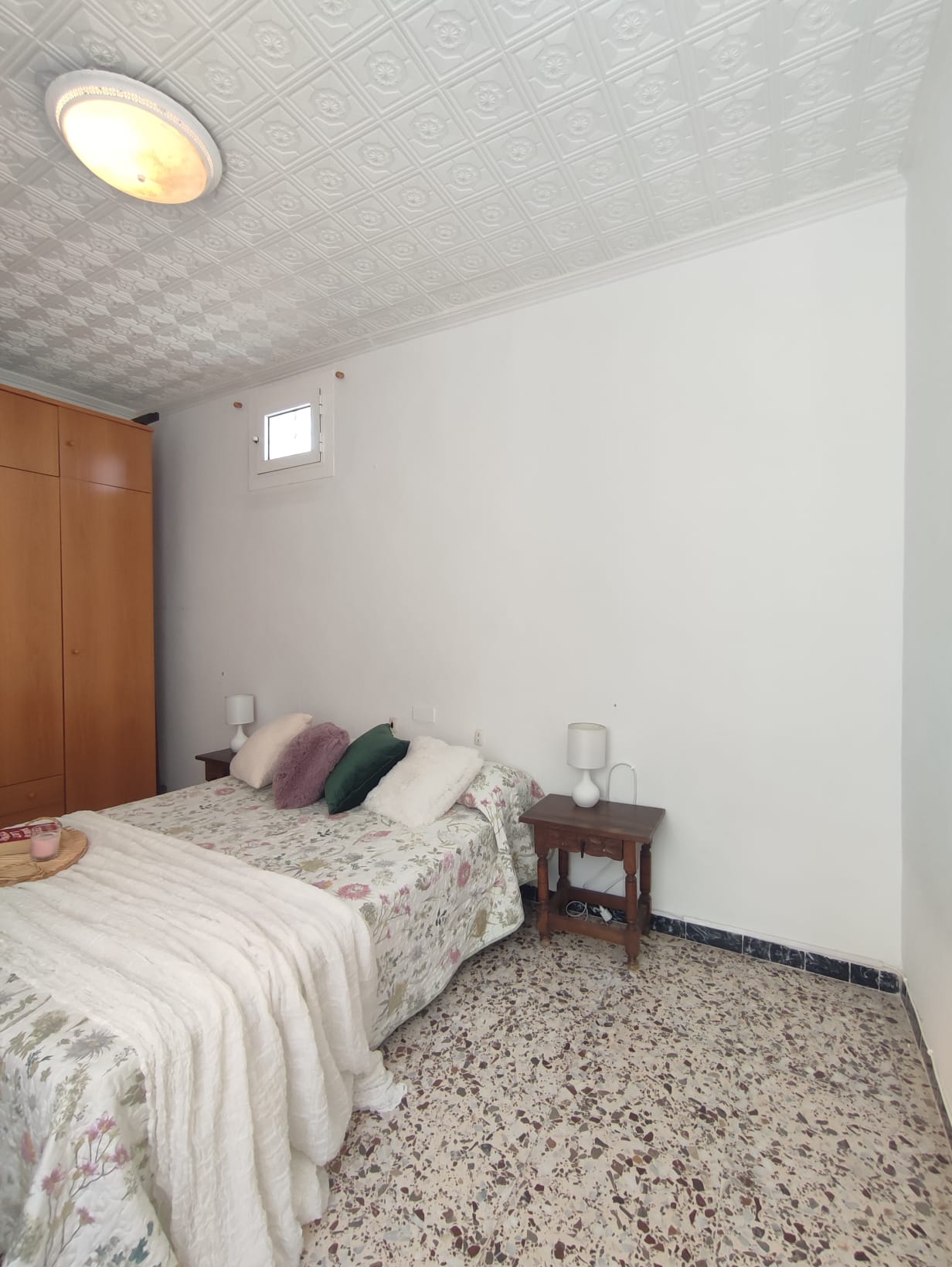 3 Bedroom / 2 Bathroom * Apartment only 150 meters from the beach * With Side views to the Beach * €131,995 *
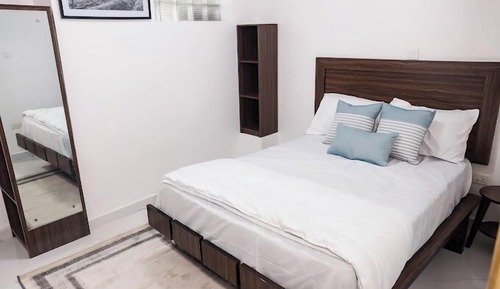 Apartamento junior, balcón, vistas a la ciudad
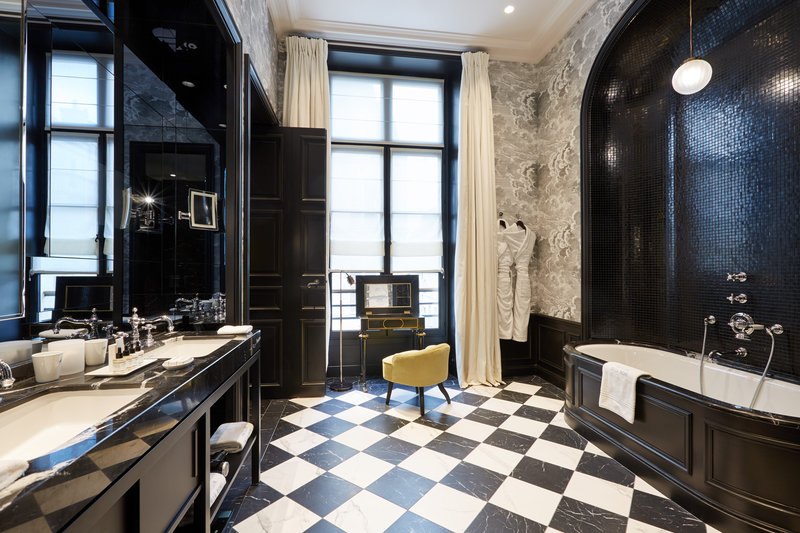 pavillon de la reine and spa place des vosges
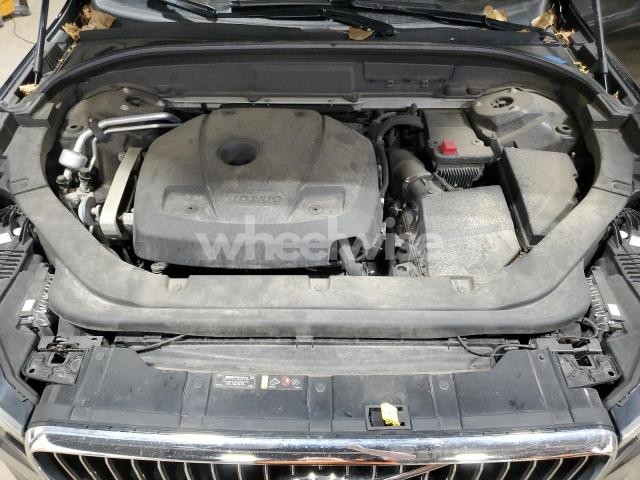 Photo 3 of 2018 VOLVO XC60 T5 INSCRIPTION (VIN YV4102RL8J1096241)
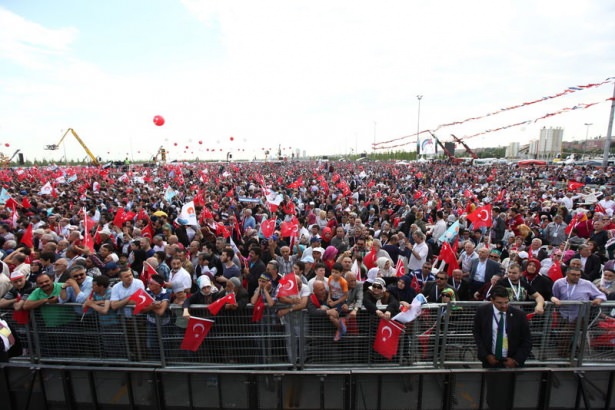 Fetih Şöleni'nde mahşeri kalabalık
- - - - -
Instructions for the task: All lines after and including the one with "Apartamento junior, balcón, vistas", through the end of the entries above, should be output exactly and by themselves. The pictures are to be left out.

Result below:
 Apartamento junior, balcón, vistas a la ciudad
 pavillon de la reine and spa place des vosges
 Photo 3 of 2018 VOLVO XC60 T5 INSCRIPTION (VIN YV4102RL8J1096241)
 Fetih Şöleni'nde mahşeri kalabalık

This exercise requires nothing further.